Вы не поверите, сударыня, а был такой классик социалистического реализма: Борис Полевой, автор вещицы Повесть о настоящем человеке, которую полагалось знать назубок каждому советскому школьнику. В стихах этот классик понимал еще меньше, чем в прозе; на письма со стихами отвечал вместо него сиделец Юности Натан Злотников, государственный поэт второго ранга (или еще кто-то из кормившихся при журнале; место было хлебное). Вероятно, именно от Злотникова — на бланке с отпечатанным именем БОРИС ПОЛЕВОЙ — я получил ответ на моё первое письмо; Злотникову (я был убеждён, что ему) отвечаю в приведенном здесь письме, хотя и мечтаю, что мой ответ всё-таки прочтёт барственный классик. Отвечаю в полном сознании того, что этим письмом напрочь закрываю себя всякую вероятность когда-либо напечататься в Юности. Тогда это был поступок; публикация в кремлевском журнале открывала дорогу в издательства и к членству в союзе писателей.
Написать классику меня надоумил некто В. В. Афанасьев из антисемитского издательства Молодая гвардия. Моё первое письмо к Полевому отыскалось позже; его привожу в другом месте; там же строю догадки об Афанасьеве, который «колебался вместе с линией»: из комсомольца стал богомольцем. Одновременно с классиком, по той же нужде и с той же молодогвардейской подсказки, я осенью 1973 года пишу Антокольскому и Межирову. Нужно ли добавлять: с тем же результатом?
Ю. К.
29 марта 2012,
Боремвуд, Хартфордшир
30 сентября 1973, Л-д
[в оригинале стоит: «31 сентября 1973, Л-д»;
видно, уж очень я был взбешён…]
Уважаемый Борис Николаевич!
Я получил Ваше письмо от 6.09.73. Его тон и значение мною отчётливо поняты, поэтому я обращаюсь к Вам вторично. Я не имею намерения на этот раз ни просить Вас о помощи, ни убеждать в чём-либо, а хочу только внести необходимую ясность в некоторые затронутые вопросы.

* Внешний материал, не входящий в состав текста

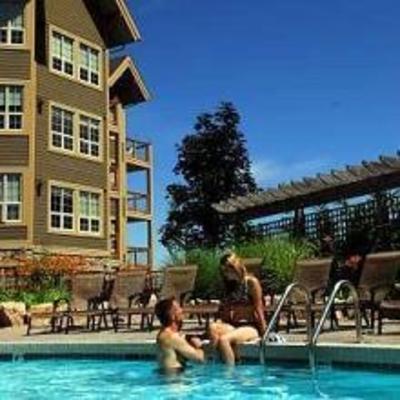 фото отеля Predator Ridge Resort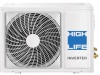 Инверторная сплит-система серии PRIORITY CLASS 2.0 Inverter ACHL-18PC-I-CHDV03S (комплект)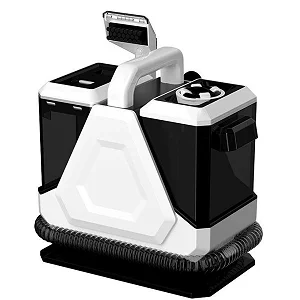 Hoffman Carpet and sofa cleaner - White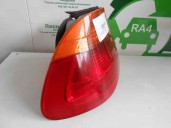 Recambio de piloto trasero izquierdo para bmw serie 3 coupe (e46) 320 ci referencia OEM IAM 63218364725 63218364725 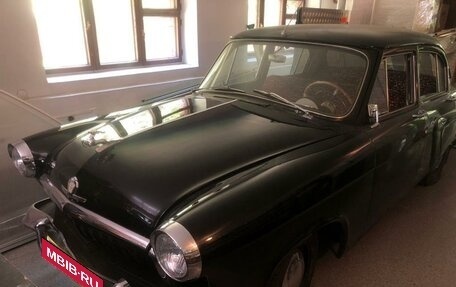 ГАЗ 21 «Волга», 1961 год, 500 000 рублей, 3 фотография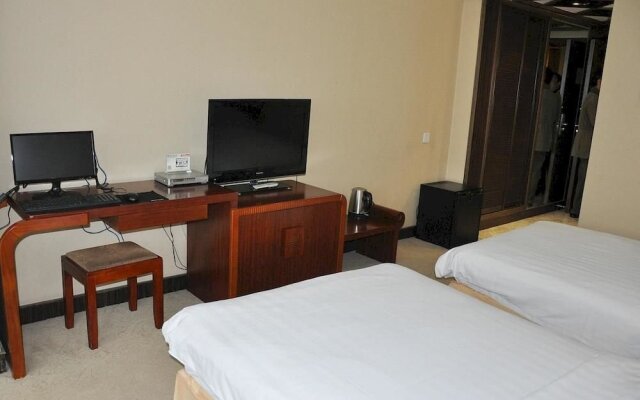 Railway Hotel Taiyuan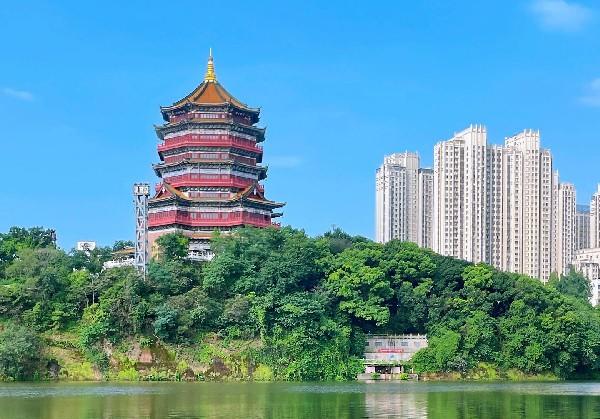 鹰潭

Вот цитата из Вашего письма: «Решающим является не лестница предпочтений, как Вы пишете, а качество стихов,— именно это! — их самобытность, индивидуальность…» А вот иллюстрация к Вашим словам; открываем наугад последний номер Вашего журнала, на 45-й странице читаем:
Пролетарии всех стран! Сколько схваток! Сколько ран! Сколько было! Сколько будет! Пролетарии всех стран! Это я вам тут кричу: Ближе к нашему плечу! Сколько воронов над нами! Сколько дьяволов под нами! Сколько скрюченных скелетов, Пролетарии всех стран! Ради хлеба и воды Будем властны и горды. . . . . . . . . . . . . . . . . . . . . Ради неба и земли Да не бросим корабли. |
Автор этих значительных строк, пролетарий умственного труда, член СП Ник. Ив. Тряпкин, несомненно, обнаружил самобытность-индивидуальность, но не кажется ли Вам, что она вступает здесь в извечный конфликт с качеством? Тут кстати привести и другую Вашу реплику, касающуюся руководимого Вами журнала: «Нет нужды перечислять Вам имена поэтической рубрики нашего журнала. Это, на наш взгляд, очень достойные имена…»

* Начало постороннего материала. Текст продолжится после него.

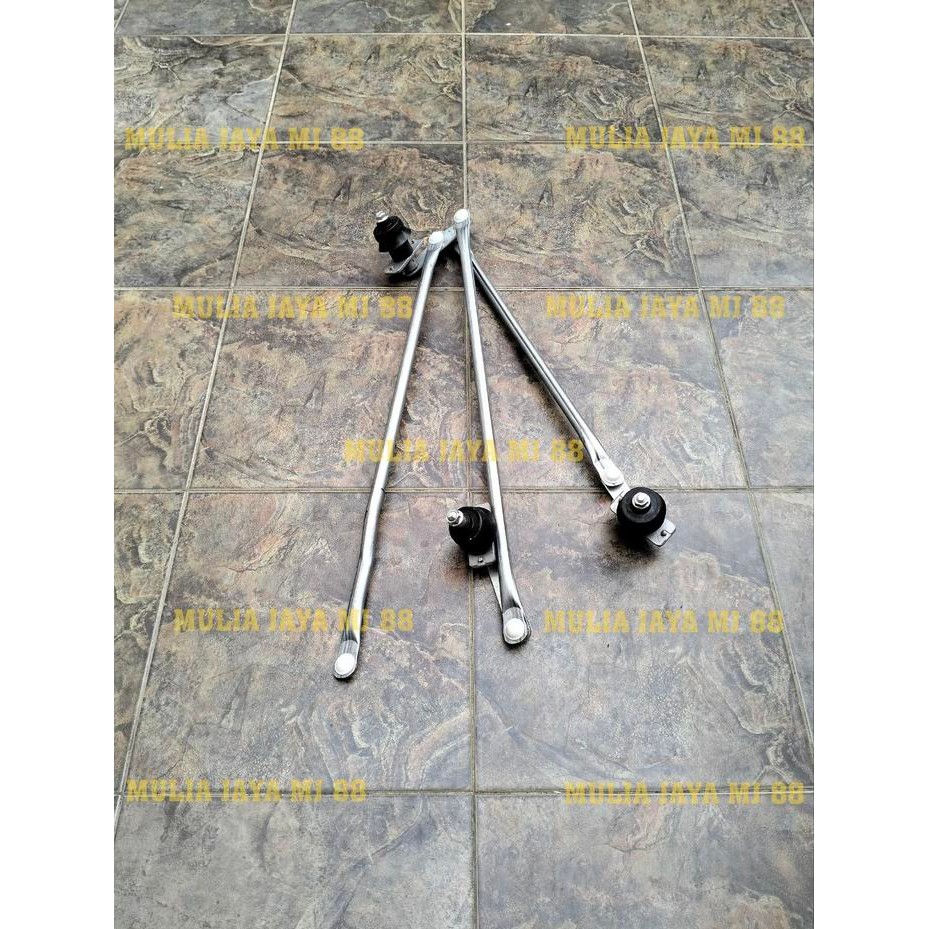 Link Wiper Truk FUSO Supergreat/Link Wiper FUSO Supergreat Best Quality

Дурное качество стихов — причина более чем достаточная, чтобы отказать автору в публикации. Иначе обстоит дело с самобытностью. Со дня изобретения Гутенберга никогда и нигде это слово не произносилось в качестве серьезного аргумента при отборе рукописи. Таково уж свойство печатного слова, что о главном, что с ним связано, можно и принято судить только после публикации. Даже и в том случае, если редактор — безоговорочно компетентный критик, он не может выставить подобный аргумент, если не хочет быть поднятым на смех. Потому что приговор (а это именно приговор) всегда выносится коллективом.
Еще два слова о самобытности. Обращаясь к моим стихам, Вы пишете: «…Это вполне профессиональная работа. Но интонация, манера, размер даже мне хорошо знакомы. Молодой литератор, как правило, начинает с подражания, постепенно вырабатывая свой, только ему присущий голос. Вам это ещё предстоит сделать… Чтобы можно было сказать: колкеровская строфа, колкеровская метафора…» Это утверждение противоречиво; или логика, которой Вы пользуетесь, не Аристотелева. Манера моих стихов Вам знакома потому, что Вы умеете отличать петербургскую стихотворную школу от московской, т.е. тех, кто учился у Ахматовой, Мандельштама, Ходасевича и Заболоцкого,— от тех, кто учился у Есенина, Маяковского, Пастернака и Цветаевой. Размер моих стихов Вам знаком потому, что я пишу ямбом, хореем (см. приведенную цитату из Тряпкина), амфибрахием, анапестом и дактилем; строфа — потому, что у меня встречаются катрены, октавы и терцины. Этими же размерами и строфами пользовались Ломоносов, Сумароков, Державин, Батюшков, Пушкин, Баратынский, Грибоедов, Тютчев, Вяземский, Некрасов, Полонский, Фет, Григорьев, Анненский, Блок, Брюсов — и кое-кто из названных выше лиц. Наконец, метафорой я не пользуюсь — Вы ведь читали мои стихи? «А пока что можно сказать — кушнеровская строфа…» Кушнеровской строфы нет, достаточно просмотреть, хотя бы не читая, стихи Кушнера, а есть стихотворная школа и учителя, общие для Кушнера и Вашего покорного слуги. С равным успехом (т.е. безрезультатно) можно меня обвинить в подражании Сергею Дрофенко, Арсению Тарковскому, Юнне Мориц, Владимиру Соловьеву. Где были эти имена и почему выделен только Кушнер? Боюсь, тут проступает особое мнение Натана Злотникова.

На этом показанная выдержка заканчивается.